--- Data supplied Enclosed Below ---

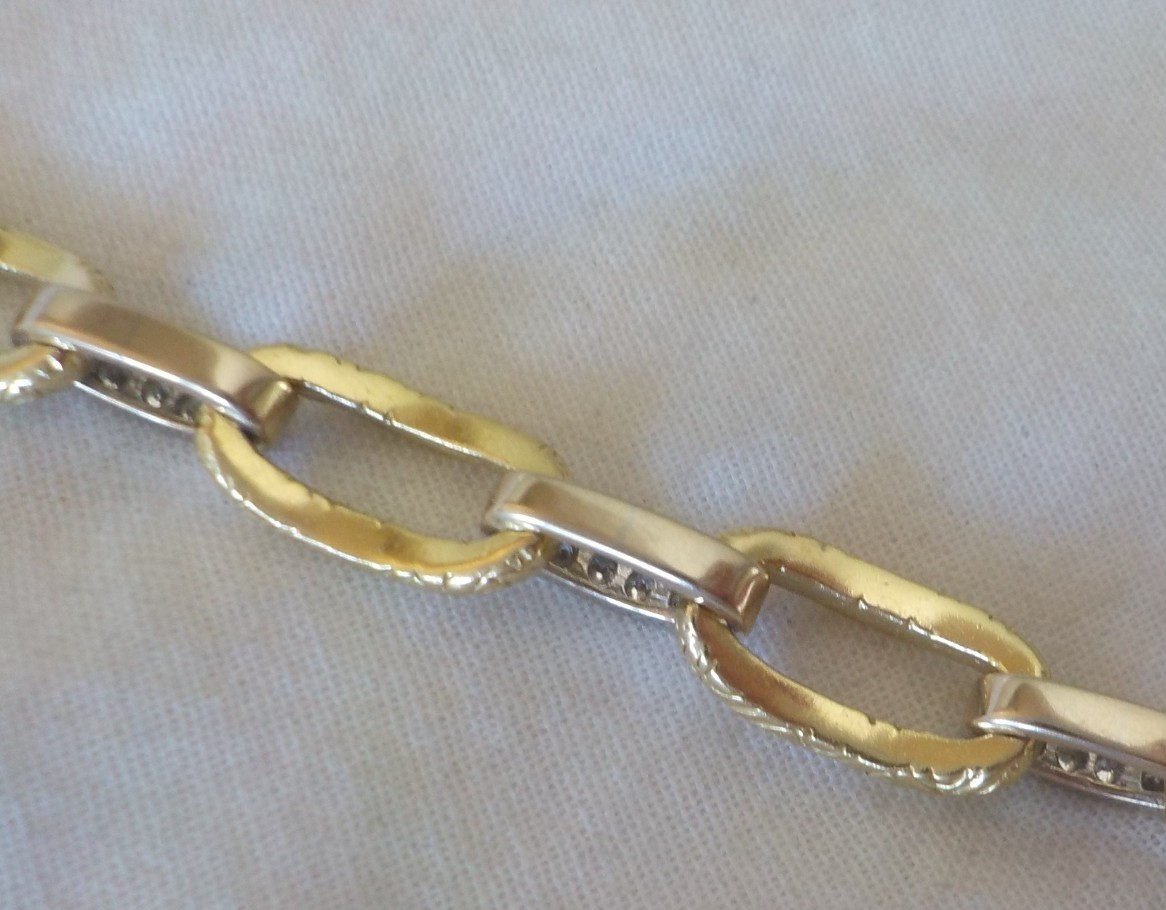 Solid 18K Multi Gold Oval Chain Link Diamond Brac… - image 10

--- End of Enclosed Data supplied ---
--- Data supplied Enclosed Below ---

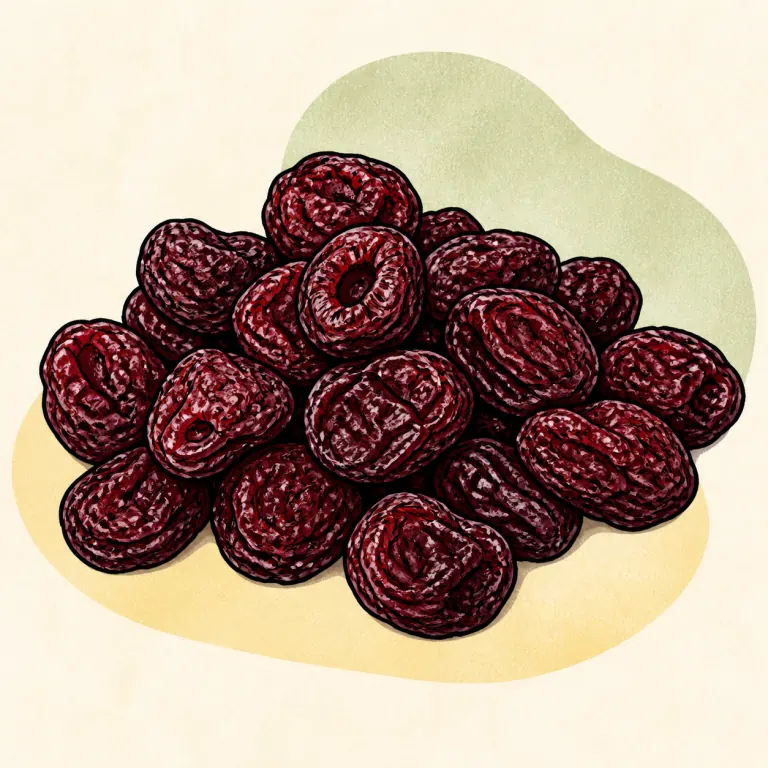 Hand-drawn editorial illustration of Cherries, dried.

--- End of Enclosed Data supplied ---
--- Data supplied Enclosed Below ---

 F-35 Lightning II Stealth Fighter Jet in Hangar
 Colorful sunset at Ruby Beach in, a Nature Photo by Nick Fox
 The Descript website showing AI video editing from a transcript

--- End of Enclosed Data supplied ---

In the entries above, please find the line with "F-35 Lightning II" and the line with "The Descript website", then write out exactly those two lines and every line between them, and nothing more.

** Response area **
 F-35 Lightning II Stealth Fighter Jet in Hangar
 Colorful sunset at Ruby Beach in, a Nature Photo by Nick Fox
 The Descript website showing AI video editing from a transcript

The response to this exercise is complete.